Talk:ZFS
Latest comment: 3 months ago by Anastrophe in topic Reports of fragmentation problems and encryption problems
This is the talk page for discussing improvements to the ZFS article. This is not a forum for general discussion of the article's subject. |
Article policies
|
Find sources: Google (books · news · scholar · free images · WP refs) · FENS · JSTOR · TWL |
Archives: 1Auto-archiving period: 12 months |
This article is rated C-class on Wikipedia's content assessment scale. It is of interest to the following WikiProjects: | |||||||||||
|
Reports of fragmentation problems and encryption problems
edit((Note: This discussion arose on my talk page after I'd reverted the changes editor Robercik st had added.

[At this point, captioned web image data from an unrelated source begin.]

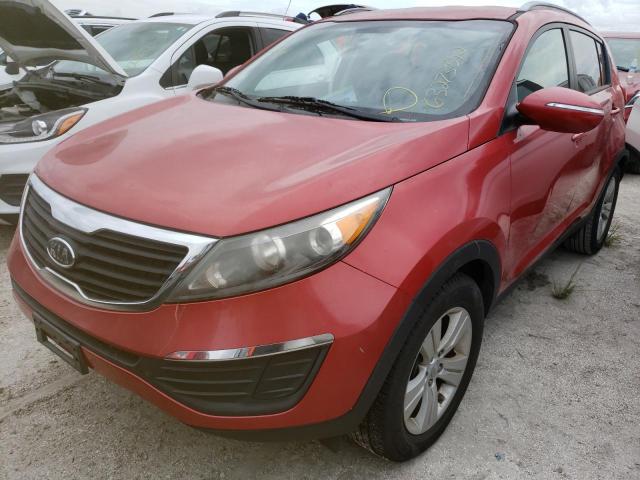 KNDPB3A28C7348554 - 2012 KIA SPORTAGE B RED photo 2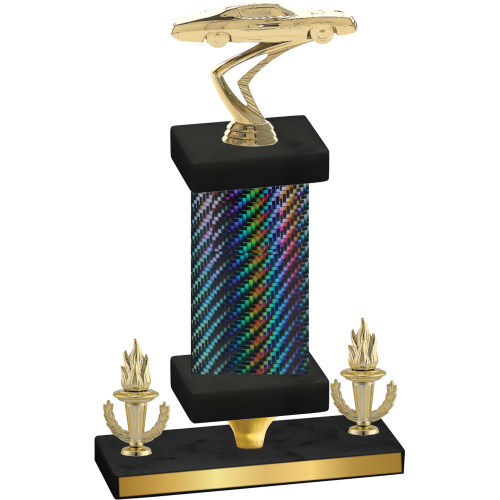 Premium Single Black Carbon Fiber Victory Cars Trophy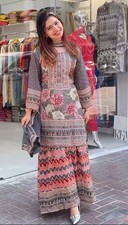 Party Wear Designer Faux Georgette Palazzo Suit With Dupatta For Women  Girls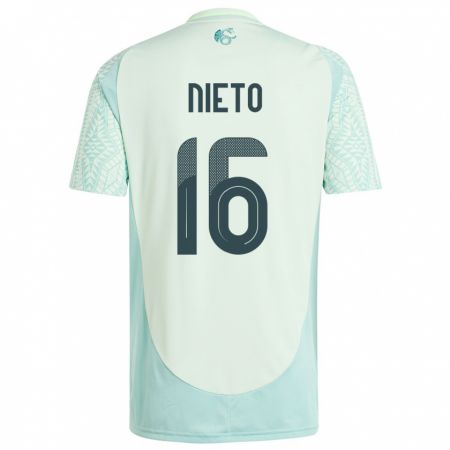 Kandiny Niño Camiseta México Karla Nieto #16 Lino Verde 2ª Equipación 24-26 La Camisa Chile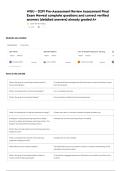 WGU - D291 Pre-Assessment Review Assessment Final Exam Newest complete questions and correct verified answers &lpar;detailed answers&rpar; already graded A&plus;
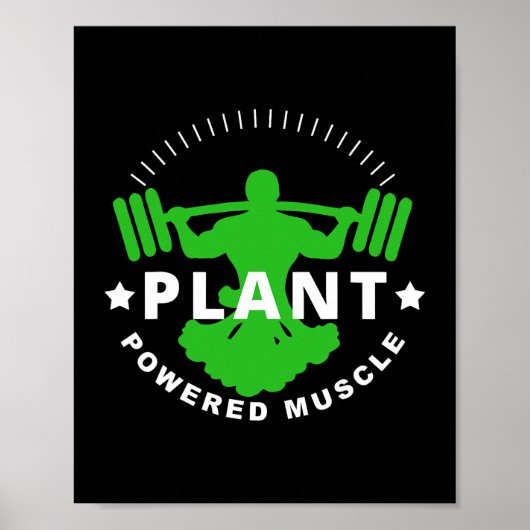 Poster Vegetarian Plante Broccoli Bodybuilding Ascenseur (Devant)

I think it's at a point where more 'eyeballs' are needed to come to consensus, so I'm copying it here unaltered for further discussion.))

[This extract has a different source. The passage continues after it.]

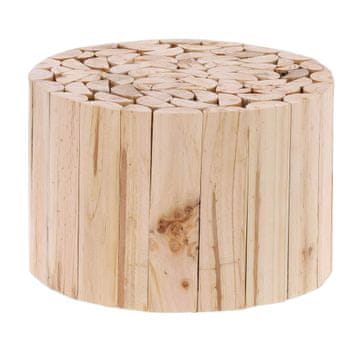 Northix Cvetlični stolček lesen okrogel 30x50 cm notranja uporaba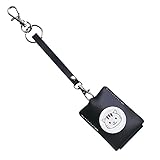 [HERBE] 小学生 入学祝 ランドセル 通学用キーケース 鍵ケース 本革 キーカバー 牛革 日本製 通学 防犯 動物 ネコ 2 ネイビー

You can read about this in https://github.com/openzfs/zfs/issues/3582 if you need more info Robercik st (talk) 03:06, 13 December 2023 (UTC)
- The problem is there's multiple issues at work here. First, the question of whether or not free space fragmentation is the cause of performance issues, or rather over-utilization of the disk space. Virtually all filesystems are prone to performance issues as available free space diminishes, and since we don't have meaningful metrics to rely on, we can't ascribe one over the other.
- Secondly, most of what you've written is narrative opinion. The link to the ZFS code discussions isn't a reliable source for the claims being made - not by wikipedia's standards. You'd need to find a secondary source that describes these issues.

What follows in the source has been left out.